## [WORK REQUIRED]
A verbatim transcript of the data below is required, images omitted.

DATASET SECTION below:

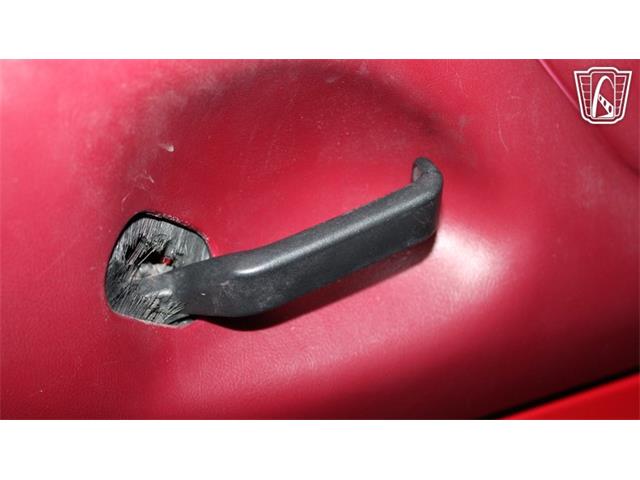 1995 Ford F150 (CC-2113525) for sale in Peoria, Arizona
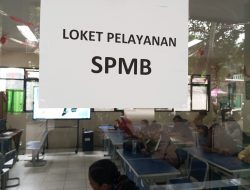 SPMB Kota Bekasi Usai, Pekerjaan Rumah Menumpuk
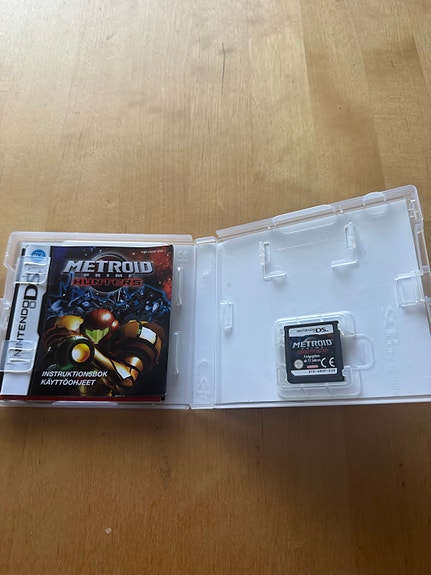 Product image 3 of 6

End of DATASET SECTION.

## [OUTPUT FOR THIS TASK]
 1995 Ford F150 (CC-2113525) for sale in Peoria, Arizona
 SPMB Kota Bekasi Usai, Pekerjaan Rumah Menumpuk
 Product image 3 of 6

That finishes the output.